You know how when you see an early Robert De Niro or Paul Newman movie, you get astonished at how young they once were? Conversely, you know how, with some other actors, you can see their work from the '60s, the '70s, the '80s, the '90s, and even today and they look like they were always perpetually fifty or sixty years old? This is a tribute to some of those performers, who in an industry so obsessed with youth were quite happy with their "mature" faces, voices, and personalities.
- Angela Lansbury. I'm amazed that this actress just turned 81. Murder She Wrote kicked off in 1984, before Lansbury even turned sixty, and yet she seems like she was at least ten years older than that. Weirder still, you can see her as a teenager in movies such as Gaslight and National Velvet (both in 1944) and even there she somehow looks old. And of course she famously played Laurence Harvey's evil mother in The Manchurian Candidate, though she was only three years older than her onscreen "son".

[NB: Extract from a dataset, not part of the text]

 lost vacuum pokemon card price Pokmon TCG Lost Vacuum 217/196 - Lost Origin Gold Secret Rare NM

- George C. Scott. He of the gravelly voice and even more gravelly demeanor - notoriously turning down his Oscar for Patton because he claimed the Oscars were not honest appreciations of an actor's work - was even younger than Lansbury (who has since outlived him; Scott died in 1999), but I can't believe that the man who played General Turgidson in Dr. Strangelove was only my age now - 36 - when that film was shot.

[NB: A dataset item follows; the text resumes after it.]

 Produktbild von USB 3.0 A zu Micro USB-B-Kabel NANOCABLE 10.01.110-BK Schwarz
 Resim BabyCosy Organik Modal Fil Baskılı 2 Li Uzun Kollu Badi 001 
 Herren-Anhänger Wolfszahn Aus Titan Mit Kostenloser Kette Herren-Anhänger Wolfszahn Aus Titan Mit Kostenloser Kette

- Walter Matthau. Like many successful male character actors, Matthau didn't hit the screen until he was in his thirties. So I can't vouch for whether he had a face like a basset hound back in high school. But those jowls were well in place by the time he got his first big screen role, in A Face in the Crowd, shot when he was - like Scott - just 36.
- Glenn Close. Eternally fortysomething Close became a star in the early '80s, also while in her mid-thirties. A quarter century has passed, and she looks no different now.
- Morgan Freeman. The Electric Company kept Mr. Freeman employed throughout much of the '70s. Street Smart made him a star in 1987. Admittedly, he was already fifty at that point. But he looked like he was seventy in 1989's Driving Miss Daisy, and has remained close to that age ever since (his actual 70th birthday is in 2007).
- Bea Arthur. The 83-year-old Arthur finally appears very old these days. But she managed to stay at a solid fifty-five for over two decades, which is pretty impressive. (After all, Estelle Getty played her mother on The Golden Girls, though Getty is two months younger!)
- Jack Klugman. His major big-screen breakthrough was in 1957's 12 Angry Men. He was 35 when that classic came out. He looked fifty, and held onto that age for the next thirty years before fading from the scene.
- Lily Tomlin. Becoming a star at the comparatively young (for this list) age of thirty on Laugh-In, Tomlin appeared to be in her forties and still does today, over three decades later.
- Don Knotts. The late Knotts, who died earlier this year, had that high forehead, quivering tenor and wiry frame of his early in his long career, which gained heat thanks to The Andy Griffith Show, when he was... 36. Hmm. Perhaps at my age, I should start looking into a career as a character actor?